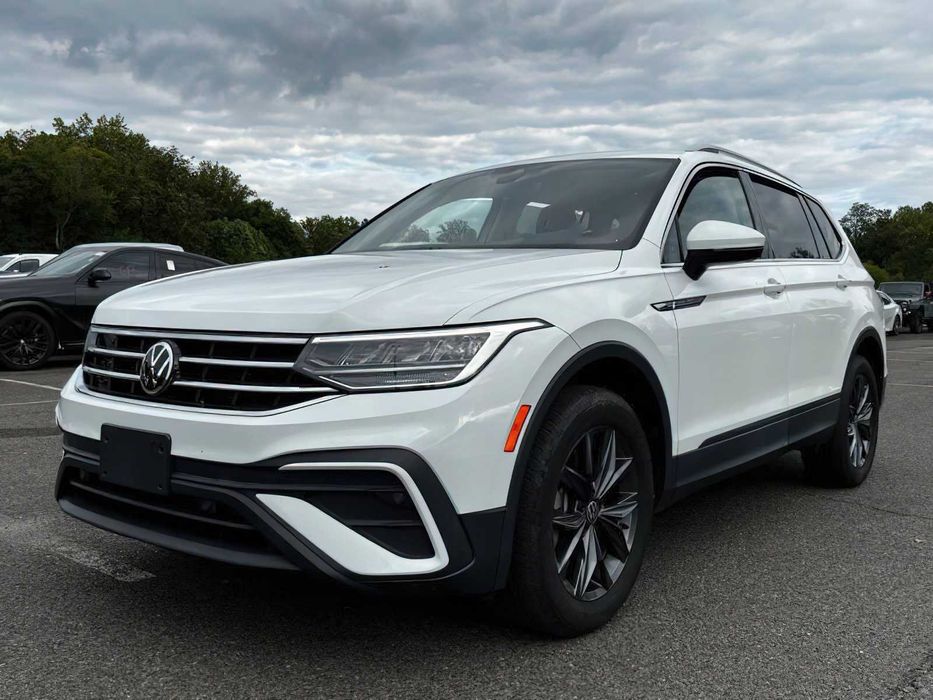 Volkswagen Tiguan      2022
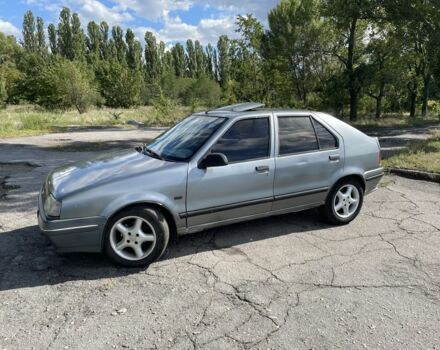 Серый Рено 19, объемом двигателя 1.9 л и пробегом 500 тыс. км за 1200 $, фото 2 на Automoto.ua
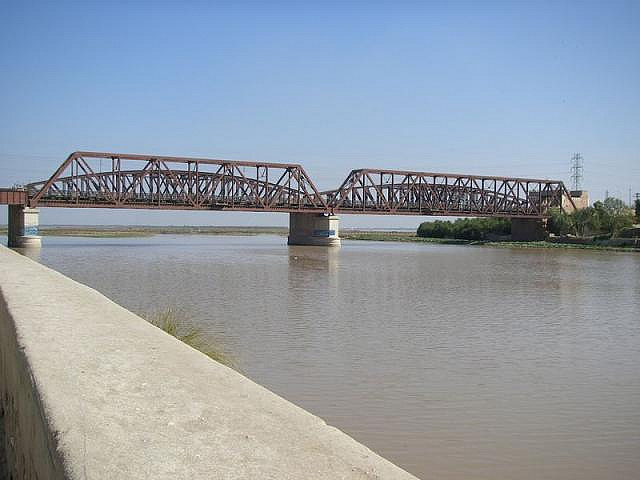 Bridges connecting Sukkur and Bukkur. PHoto by M Bhatia, 2007.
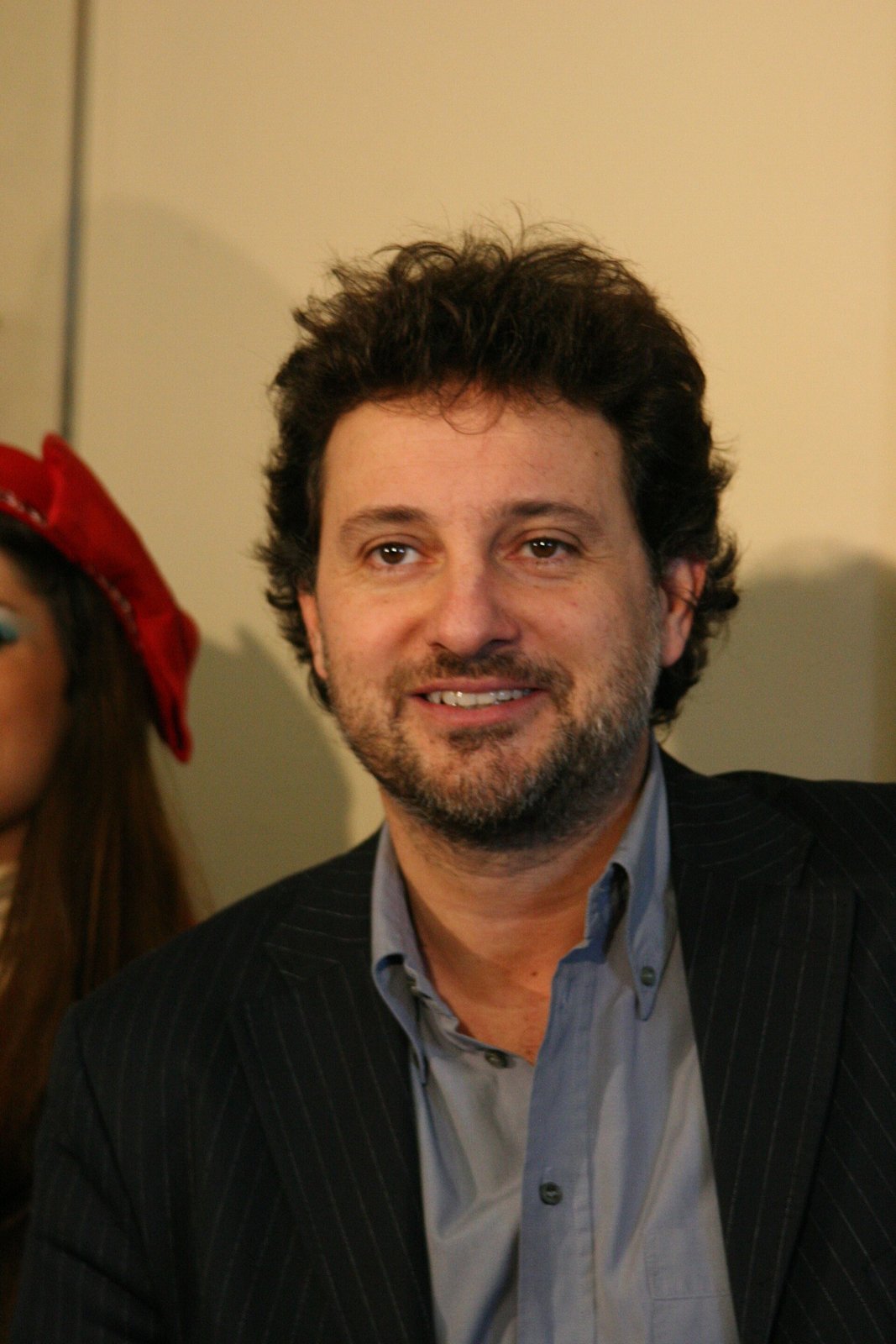 Ritratto di Leonardo Pieraccioni sorridente durante un incontro pubblico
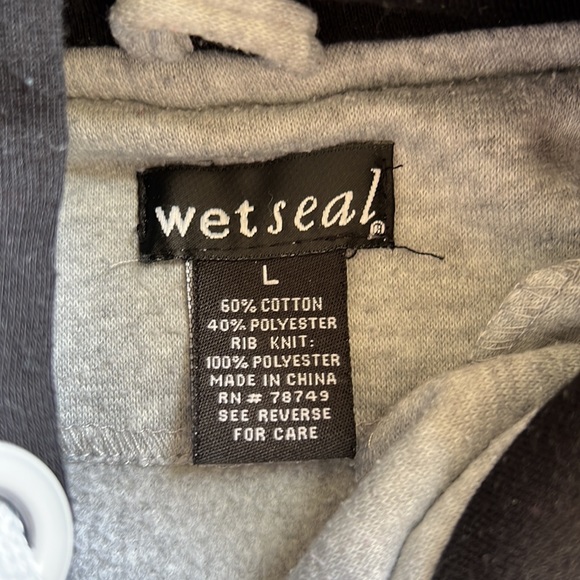 Color Block Button Up Jacket - Picture 3 of 3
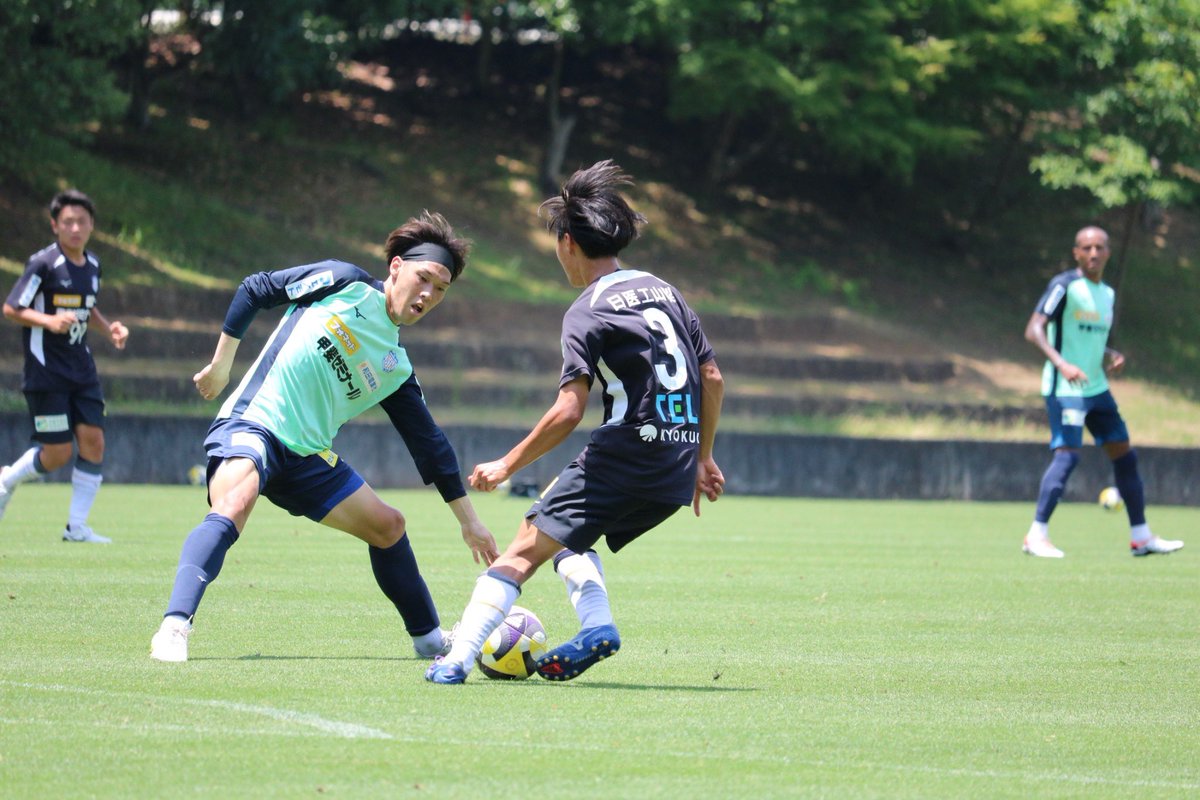 U-18】 本日TOPチームとのトレーニングマッチを行いました⚽️ 公式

[WHAT YOU ARE ASKED TO DO] Using the records above, copy exactly and only the lines from the line with "Color Block Button" through the end, both included; leave every picture out.

[REPLY]
 Color Block Button Up Jacket - Picture 3 of 3
 U-18】 本日TOPチームとのトレーニングマッチを行いました⚽️ 公式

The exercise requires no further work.